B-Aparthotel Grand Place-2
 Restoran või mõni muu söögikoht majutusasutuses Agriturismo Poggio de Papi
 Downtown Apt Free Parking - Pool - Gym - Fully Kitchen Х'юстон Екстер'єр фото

--------

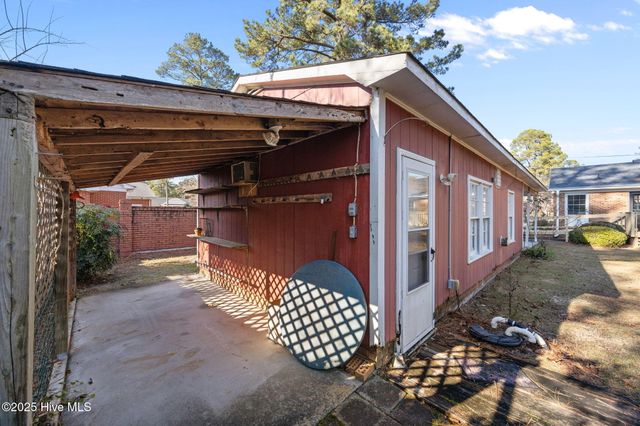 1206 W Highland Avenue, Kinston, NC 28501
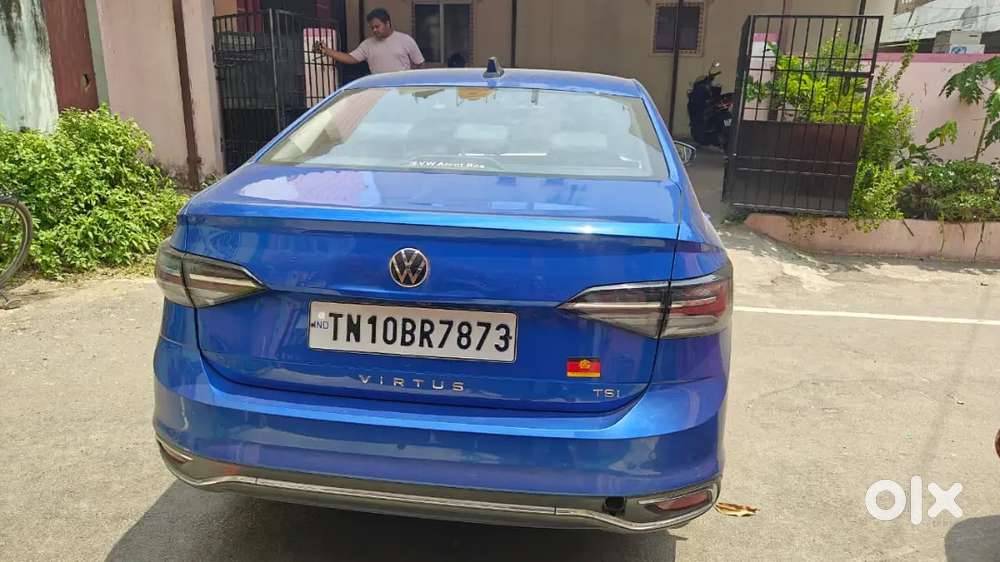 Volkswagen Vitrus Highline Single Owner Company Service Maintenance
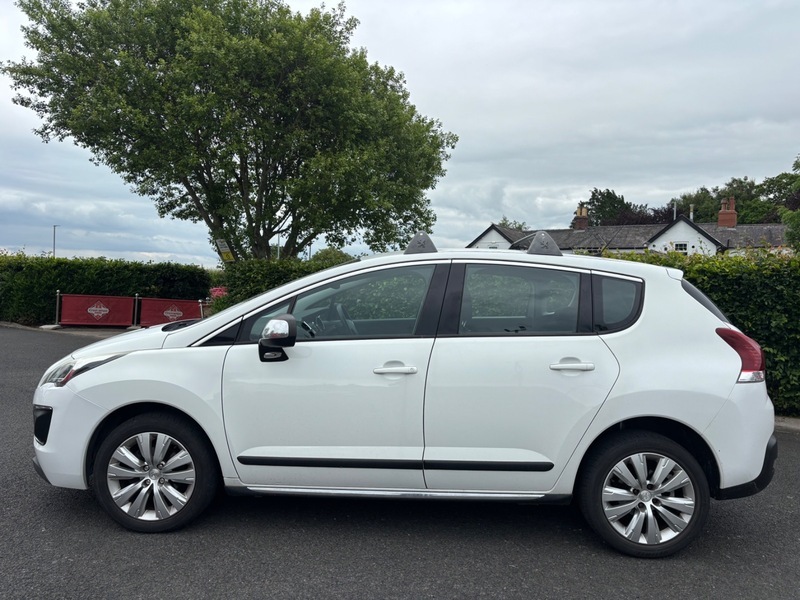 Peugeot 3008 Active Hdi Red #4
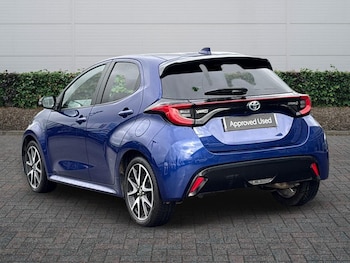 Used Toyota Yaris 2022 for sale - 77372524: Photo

--------

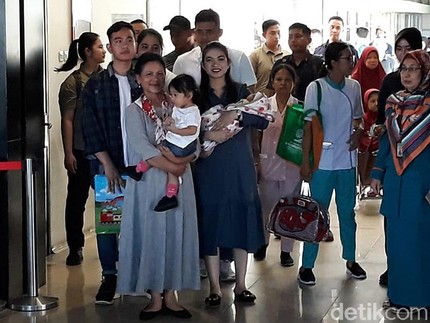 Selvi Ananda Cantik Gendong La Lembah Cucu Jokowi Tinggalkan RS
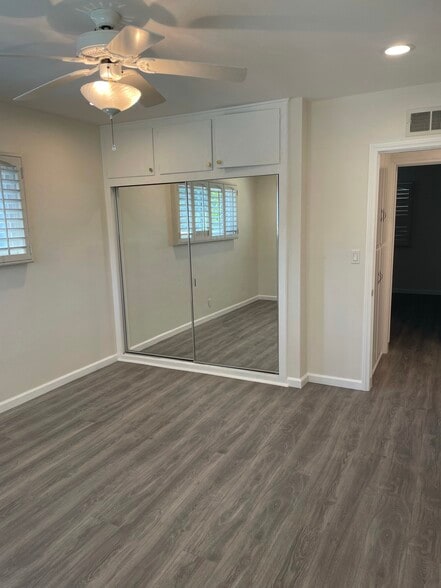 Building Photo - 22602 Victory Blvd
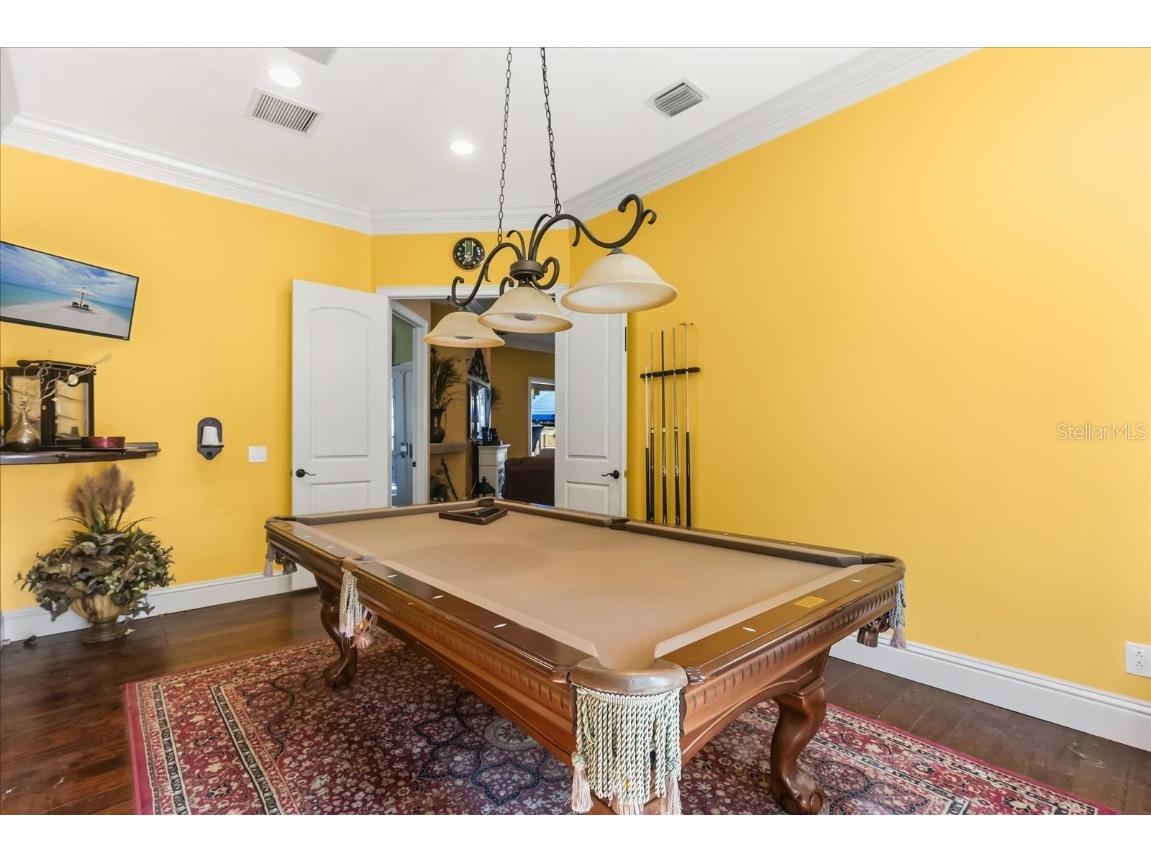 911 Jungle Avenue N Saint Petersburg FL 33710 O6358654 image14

--------

- TASK PROMPT
Everything from the line with "Selvi Ananda Cantik" through the line with "911 Jungle Avenue" in the material above should be transcribed exactly, except the pictures.

- TASK OUTPUT
 Selvi Ananda Cantik Gendong La Lembah Cucu Jokowi Tinggalkan RS
 Building Photo - 22602 Victory Blvd
 911 Jungle Avenue N Saint Petersburg FL 33710 O6358654 image14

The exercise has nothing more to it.